(Collection entries)
*** Begin section ***

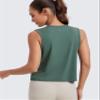CRZ YOGA Pima Cotton High Neck Cropped Tank Tops for Women Soft Crop Workout Athletic Yoga Basic Sleeveless Shirts Graphite Green Medium view 2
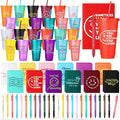 Feifeiya 72 Pcs/ 24 Set Thank You Gift Bulk 24 oz Employee Teacher Appreciation Tumbler with Lids and Straws Motivational Pens Inspirational Notepads Set Plastic Cups Gift for Team Staff Coworker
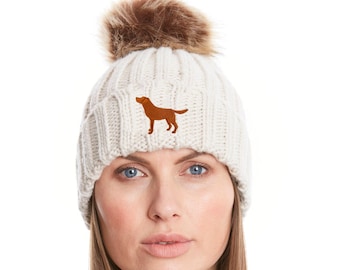 Fox Red Labrador Owner Gift Clothing Gifts, Faux Fur Pom Pom Chunky Knit Super Soft Unisex Embroidered Beanie From The House Of Dog.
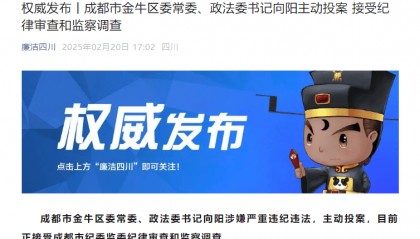 主动投案!成都市金牛区委常委、政法委书记向阳接受审查调查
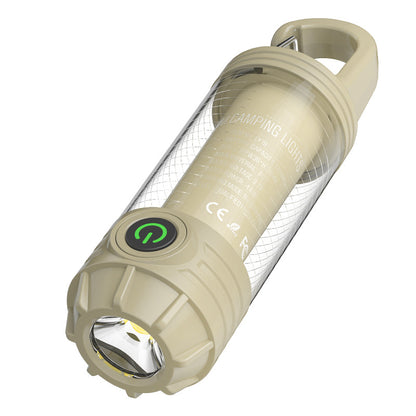2 PCS Khaki Portable Outdoor Camping Light with 6 Modes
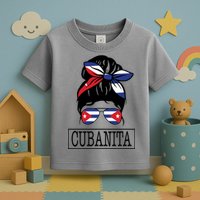 Cubanita Messy Bun Cuban Flag Cuba Toddler T-Shirt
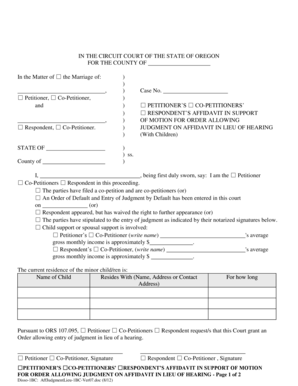 Oregon Affidavit in Support of Motion for Order Allowing Judgment on Affidavit in Lieu of Hearing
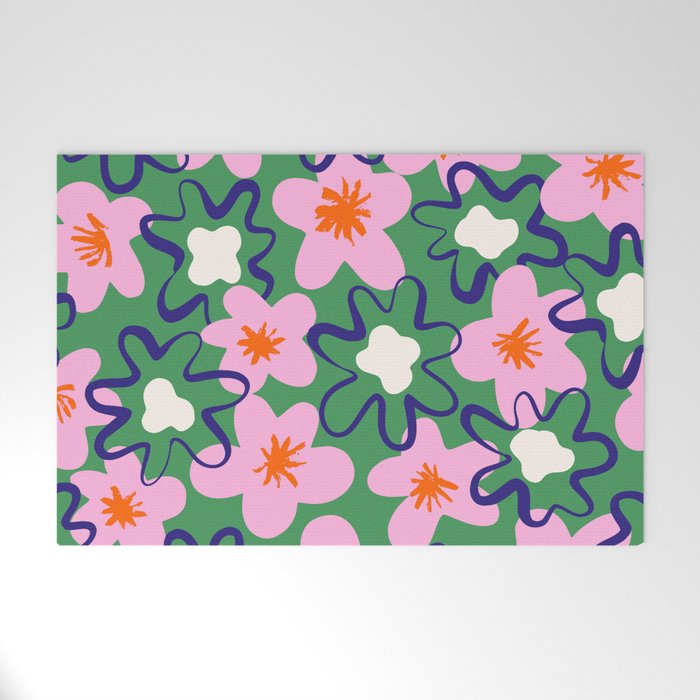 Bright Floral Welcome Mat Gallery Image 1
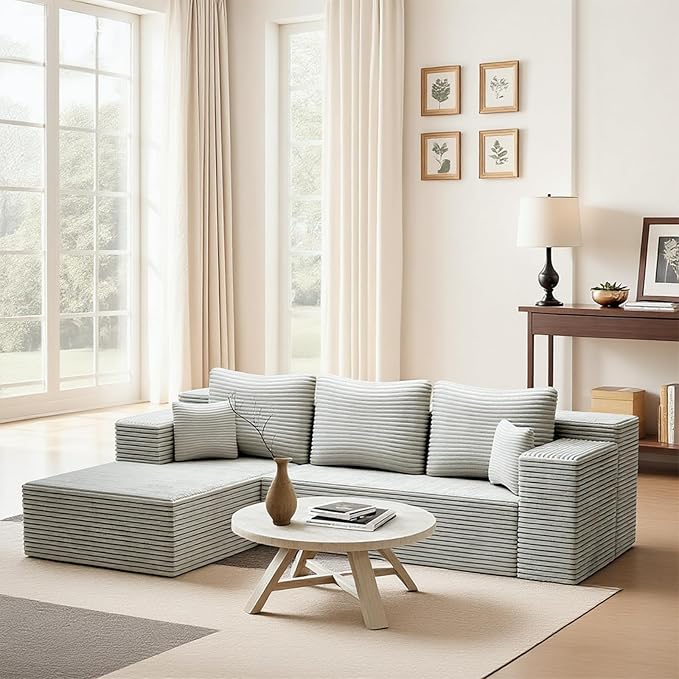 106''Boneless Couches for Living Room, L Shaped Modular Sectional Sofa with Chaise Lounge, Faux Rabbit Fur & Layered Cushion Deep Seat Cloud Couch, No Assembly (Grey, Left Facing Chaise)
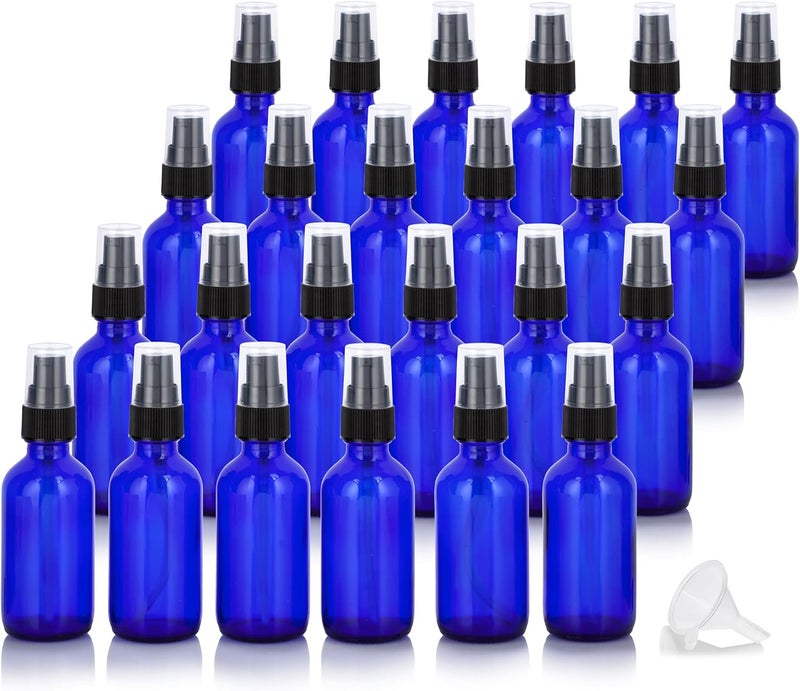 JUVITUS JUVITUS 2 oz Cobalt Blue Glass Boston Round Black Treatment Pump Bottle (24 Pack) + Funnel and Travel Size Foamer for Soap 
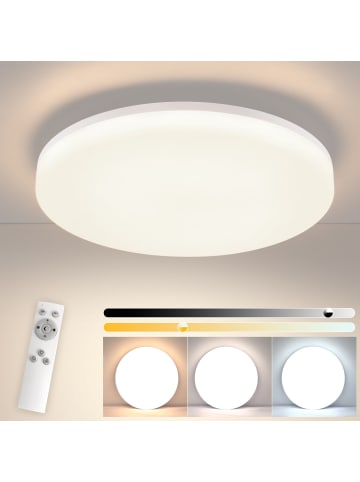 ZMH LED Deckenleuchte in weiß Ø22CM rund Dimmbar 18W IP54 Flurlampe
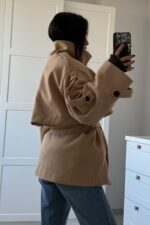 Rüzgarlıklı Kaşe Kaban Camel - Görsel 4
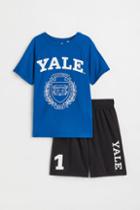 H & M - 2-piece Printed Sports Set - Blue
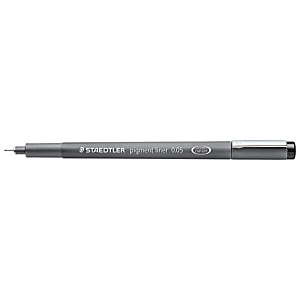 Staedtler Bolígrafo fineliner pigmento delineador 308, calibrado, punta superfina, cuerpo gris, tinta negra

*** End section ***

= Task directions =
Could you transcribe exactly the lines from the start of the records through the line containing "106''Boneless Couches for", both ends included, leaving the pictures out?

= Answer to this problem =
CRZ YOGA Pima Cotton High Neck Cropped Tank Tops for Women Soft Crop Workout Athletic Yoga Basic Sleeveless Shirts Graphite Green Medium view 2
 Feifeiya 72 Pcs/ 24 Set Thank You Gift Bulk 24 oz Employee Teacher Appreciation Tumbler with Lids and Straws Motivational Pens Inspirational Notepads Set Plastic Cups Gift for Team Staff Coworker
 Fox Red Labrador Owner Gift Clothing Gifts, Faux Fur Pom Pom Chunky Knit Super Soft Unisex Embroidered Beanie From The House Of Dog.
 主动投案!成都市金牛区委常委、政法委书记向阳接受审查调查
2 PCS Khaki Portable Outdoor Camping Light with 6 Modes
 Cubanita Messy Bun Cuban Flag Cuba Toddler T-Shirt
 Oregon Affidavit in Support of Motion for Order Allowing Judgment on Affidavit in Lieu of Hearing
 Bright Floral Welcome Mat Gallery Image 1
 106''Boneless Couches for Living Room, L Shaped Modular Sectional Sofa with Chaise Lounge, Faux Rabbit Fur & Layered Cushion Deep Seat Cloud Couch, No Assembly (Grey, Left Facing Chaise)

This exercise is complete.